Put Your Own Oxygen Mask on First

by cheryl on December 9, 2011

in 2mindfulmoms

We have all been on an airplane and listened to the flight attendant give safety instructions to parents with small children. In the case of an emergency, those parents traveling with small children should put their own oxygen masks on first before assisting their children in putting on their oxygen masks. This important instruction is essential not only in airplane emergencies, but in life.

I have slowly, over time, learned to apply these instructions to my own life. Although it took many years for me to realize the value of my own oxygen mask, I finally understand that taking care of myself is not a selfish act, but a necessary one. I cannot be the person or the parent that I want to be without giving myself permission to spend some time on me.

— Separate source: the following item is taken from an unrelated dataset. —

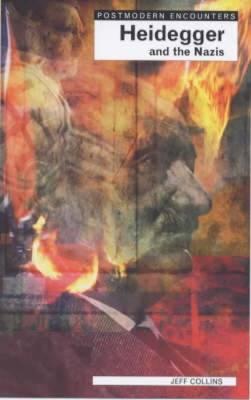 Heidegger and the Nazis (Postmodern Encounters)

I remember the first time I left my son with a babysitter. When he was 6 weeks old, my husband and I decided to take a much-needed break from dirty diapers, feeding schedules, and sleepless nights. We were completely overwhelmed and exhausted by being new parents and we needed a break. So, we went all the way across the street to have a quick dinner together, no interruptions, no babies crying, just the two of us. Or was it? As I sat in the restaurant, feeling anxious and nervous about leaving my newborn baby at home, I realized something profound – it was no longer just the two us. From that time forward, no matter where I would go, no matter where my son’s journey in life would take him, we would always be connected. There was no taking a break from being his mom — not at dinner, not on vacation, not when he goes off to college or when he gets married. Elizabeth Stone described being a parent quite well when she said, “Making the decision to have a child is momentous. It is to decide forever to have your heart go walking around outside your body. “

Since there is no “vacation” in sight from the intense love and incredible responsibility of parenthood, it is easy to become overwhelmed by that role and to lose yourself in it. As parents, we become so busy taking care of our children, that we quickly forget about ourselves — who we are and what we need. When we constantly put the needs of our family before our own needs, we begin to feel emotionally, physically and psychologically depleted. We feel exhausted, inpatient and irritable, instead of calm, loving and nurturing. We forget our own oxygen masks, and that crucial instruction that we must take care of ourselves first in order to take care of those around us.

Not only is taking time for ourselves important for us, it is important for our children to see and to learn from. Our children look at us as examples, and our behavior serves as a model to them. We cannot teach our children to be relaxed, to be present in the moment, to be joyful human beings, if we are not relaxed, present and joyful parents. What better lesson can we give our children than to teach them by example to look carefully at their own needs, to pay attention to those needs and to take the time to nurture those needs? We will not always be there to nurture them, they must learn to nurture themselves, just as we must nurture ourselves.

The easiest excuse in the book, one that I used for years, is, “I just don’t have the time.” If it is important, we can always make the time, and it is important. Whether it is a quiet walk alone, making time to meditate, or taking a yoga class, whatever you need to reconnect with you, to relax and to just breathe, you must take that time for yourself. You deserve it and your children deserve it. By taking the time to put your own oxygen mask on, you will be better able to take care of yourself and all of those around you.